In this post, I'd like to share how I'm using Kedro to manage Machine Learning (ML) pipelines while efficiently storing and executing SQL queries within my Python Kedro project. By integrating Ibis via the Kedro Ibis table dataset, I'm able to keep all my SQL code within the Kedro project and execute it on the database side, specifically using Google BigQuery.
When managing ML pipelines, especially with large datasets stored on Google BigQuery or other databases, it's crucial to have an efficient and scalable way to preprocess data before training your models. Often, the best approach is to perform preprocessing on a database engine using Structured Query Language (SQL). A common challenge in this process is deciding where to store and execute SQL queries. Traditionally, there are two options:
- Store SQL queries in the database: This involves creating views or stored procedures. While this keeps the execution close to the data, it splits your pipeline code across different platforms.

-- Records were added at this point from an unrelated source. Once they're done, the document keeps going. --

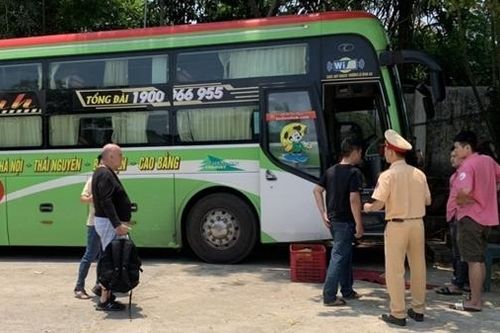 CSGT kịp thời hỗ trợ du khách Mỹ không may mất giấy tờ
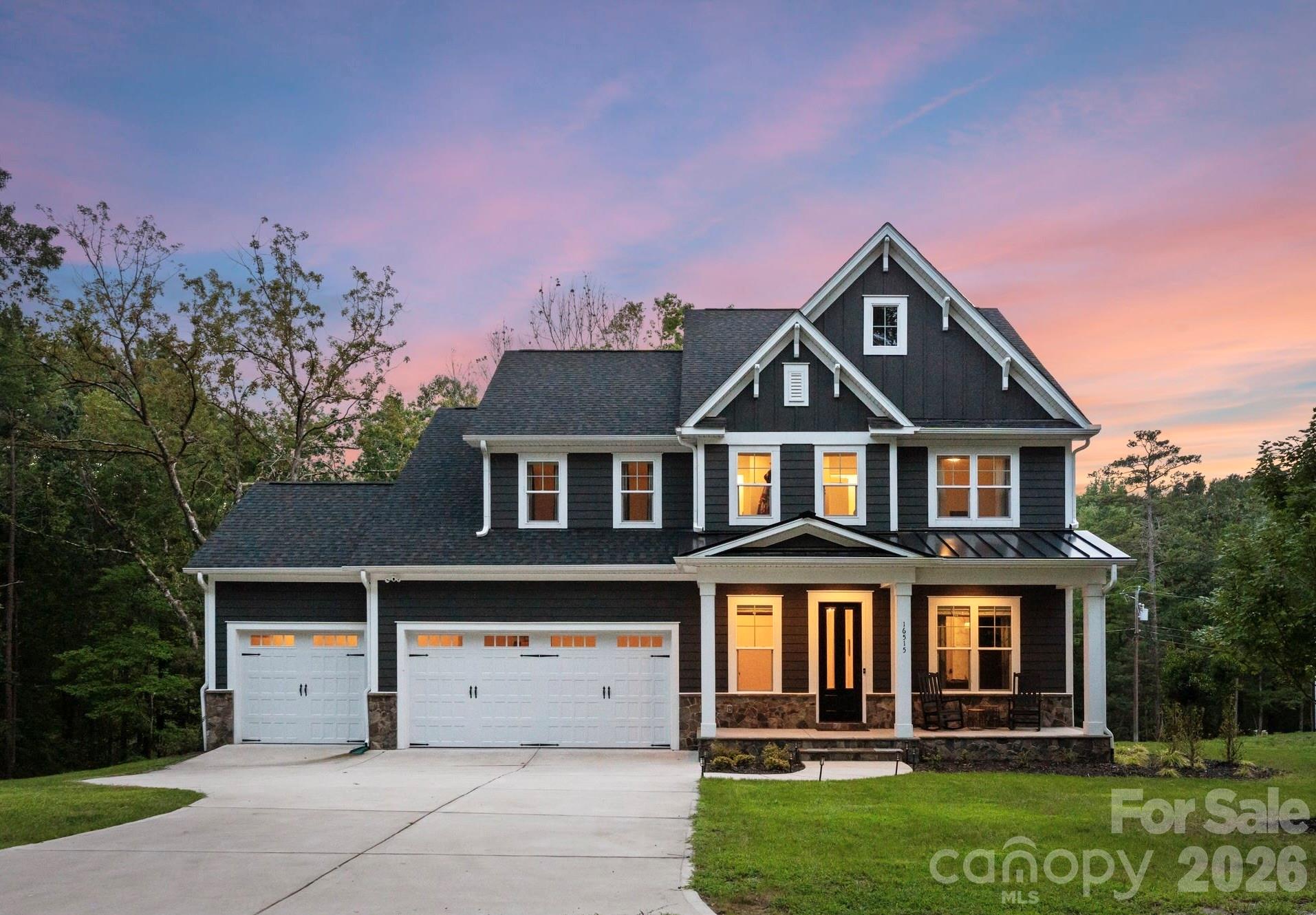 16515 Munson Hill Road Property Photo 1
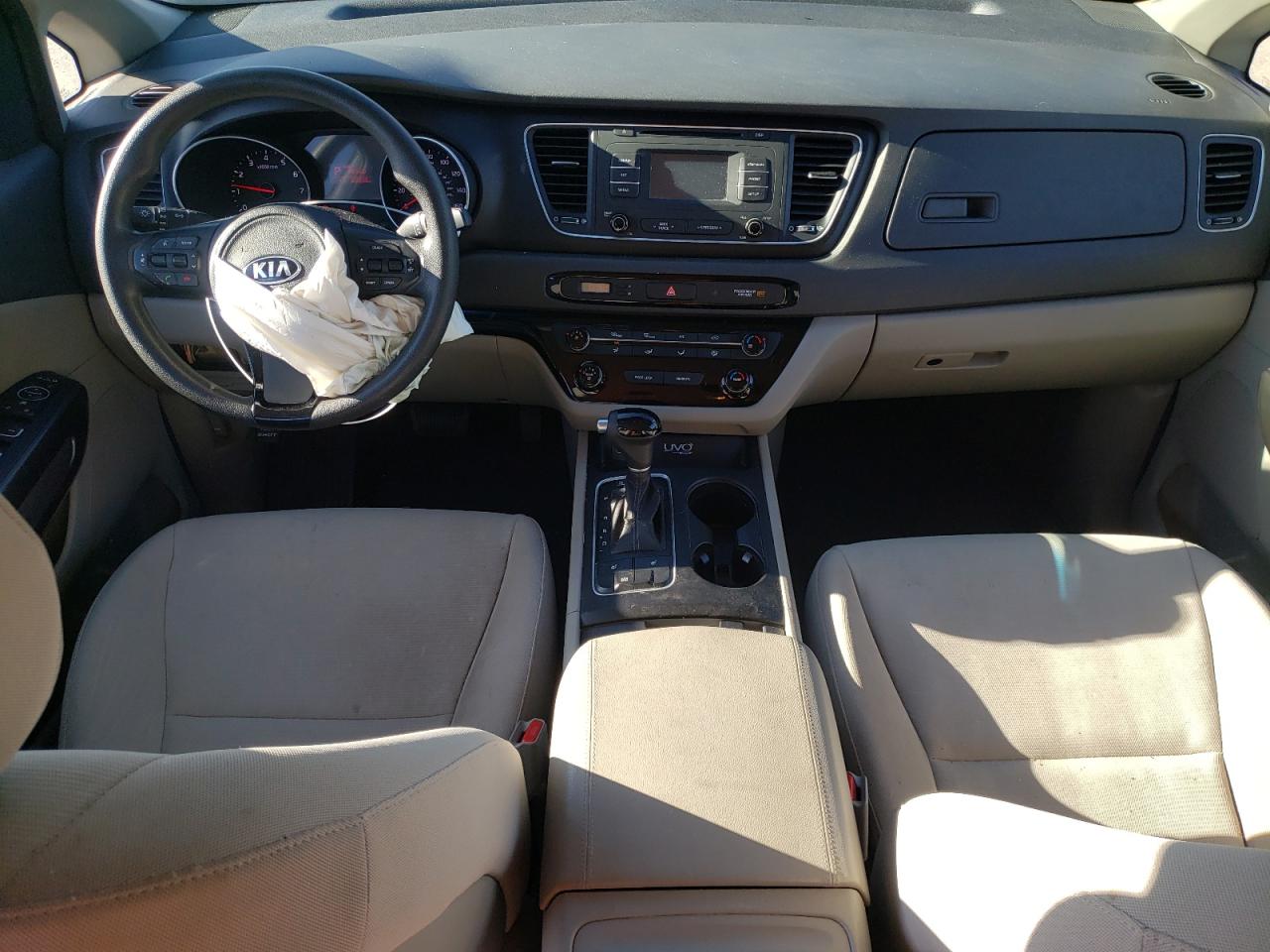 2015 Kia Sedona - Image 8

- Store SQL queries in your project: This centralizes all code within your project repository (e.g., Git), but requires a way to execute these queries on the database.
Kedro is a platform-agnostic open-source Python framework for creating reproducible, maintainable, and modular data science code. It helps in managing the entire lifecycle of your ML projects, from data ingestion to model training and deployment.
I usually use Kedro on my DS&ML projects because it provides a well-organized project structure, modular and reusable code, and efficient pipeline management. It centralises data and configuration management, which simplifies deployment and maintenance of models. Overall, Kedro streamlines workflows, promotes best MLOps practices, makes collaboration and maintenance easier, and saves a lot of time by eliminating the need to write everything from scratch.
Ibis is a Python library that provides a pandas-like interface for interacting with SQL-based databases. It allows you to write expressive queries using Python syntax and execute them on the database side, leveraging the performance and scalability of the database.
ibis.TableDataset
allows you to use Ibis expressions as part of your Kedro pipelines. This means you can define your database logic within your Kedro project and execute it on backends like Google BigQuery.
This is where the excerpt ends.